Jiffy stand fix... (long)

Discussion in 'Touring Models' started by FLHTrider08, Sep 2, 2011.

  1. FLHTrider08

    FLHTrider08 Active Member Contributor

    I'll try to explain the this without too much confusion. I'm not overly mechanically adept but I had help.

    I recently (about 2 weeks ago), put my bike down after going around a corner too fast, about 37mph in a 21mph zone, (not smart!) on a really sharp corner so I couldn't see far enough ahead. I had to decide whether to lay it down on the road or hit the ditch. I chose the ditch. My front wheel and a bit hit the ditch (steep) and my crash bar (bent inward) and jiffy stand (so I thought) got bent. Luckily it was grass so there wasn't major damage. The crash bar is being straitend. The jiffy stand was bent at an angle and didn't seem to rest as flat as it used to on the ground. My Dad and I tried to bend the jiffy stand foot up without any luck. I figured it was going to have to be replaced.

    Then I recalled someone on this forum mentioning how the jiffy stand "locked" into place when it's extended. We looked at it further and realized that it wasn't sitting in the lock guides properly. I had already washed the bike with a pressure washer to get the dirt off after the ride was complete.

    We had a look at my Dad's Ultra (2006) and noticed that it's Jiffy stand is different than mine so we couldn't really compare them. My Dad then got the idea to take the jiffy stand off and see if it was dirty like the crash bar had been. We removed the stand (with attached pin) and cleaned the hole out and re-lubed the pin with heavy oil. Put it back together and now it works like it used to and lies on the ground like it used to. Hopefully this can assist someone else someday.

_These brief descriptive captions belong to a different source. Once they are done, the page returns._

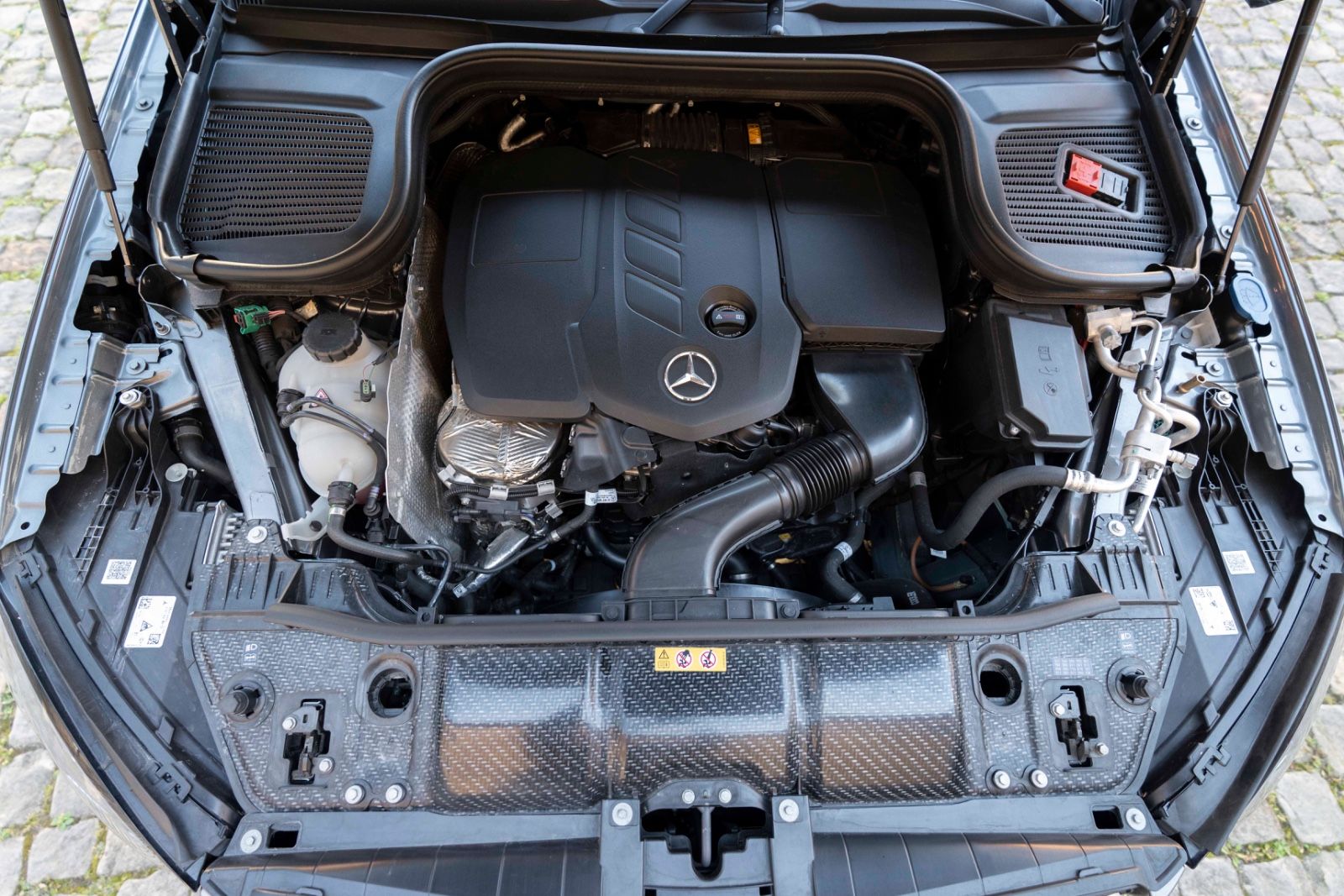 Fahrzeugabbildung Mercedes-Benz GLE 350de 4Matic AMG 3D KAM BURMESTER ACC LUFT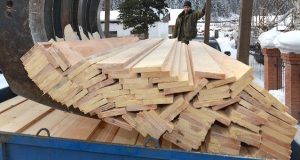 В прошлом году поставки необработанных лесоматериалов на экспорт сократились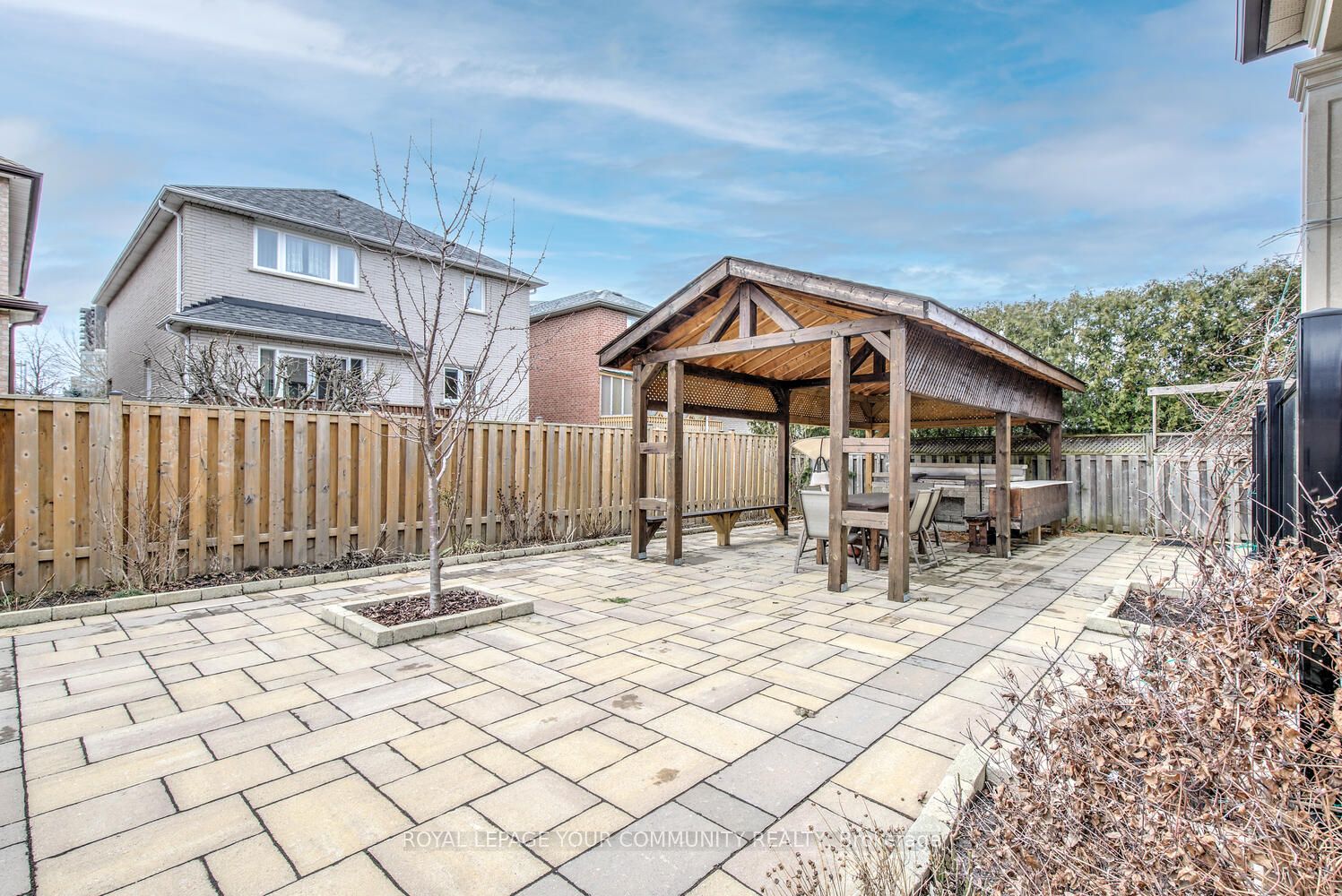 223 Crestwood Rd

    Thanks to the great knowledge and experience on this forum for giving me the opportunity to read that post (thanks Glider!) originally and giving me the idea to fix it. That's just one reason the forum is so great! :bigsmiley24:
  2. fin_676

    fin_676 Experienced Member Staff Member Moderator Contributor

    Glad to hear that you are ok and the bike has only minor damage and is going to fix without too much pain
    Sometimes there are posted speed limits as the roads demand a low speed
    take care

  3. gusotto

    gusotto Junior Member

    Good to hear you are OK.
    Can't say I've ever seen a 21 MPH zone before.
  4. gator508

    gator508 Well-Known Member

    Glad it worked out for ya. Isn't it cool when you do it yourself (or with help). You can then share your experiences godd or bad with us and we can pick you apart..LOL!!!!!:lolrolling
  5. Dr.Evil

    Dr.Evil Junior Member

    So glad only your pride got hurt.

    Practice your counter stearing in corners. If you try to force a tight corner the bike will not hold the line. I try to work on this technique every time I ride. It seams the corners that continue to a full 90 deg. can be hard to hold the last 20 deg. or so.
  6. dbmg

    dbmg Guest

    Look where you want to go !!!!!

    Use this experience as a learning tool for better riding...
    Glad thing turned out ok for you.
  7. glider

    glider Veteran Member

    Glad you got away with minimal damage. Don't over ride the conditions or speed limit.
  8. FLHTrider08

    FLHTrider08 Active Member Contributor

    I converted it to miles. It was 35 km/hour. They aren't too common here it was just for the corner.
  9. FLHTrider08

    FLHTrider08 Active Member Contributor

    Normally I do use that technique but got worried when I couldn't see ahead due to the sharpness of the corner. I ended up giving up on that theory for that corner but it has definitely helped me in other corners, etc I've experienced since I learned it.
  10. Iceman24

    Iceman24 Well-Known Member

    Good information to know - way to be persistent & work through a fix. Glad to see/hear you'll be back on the road again soon.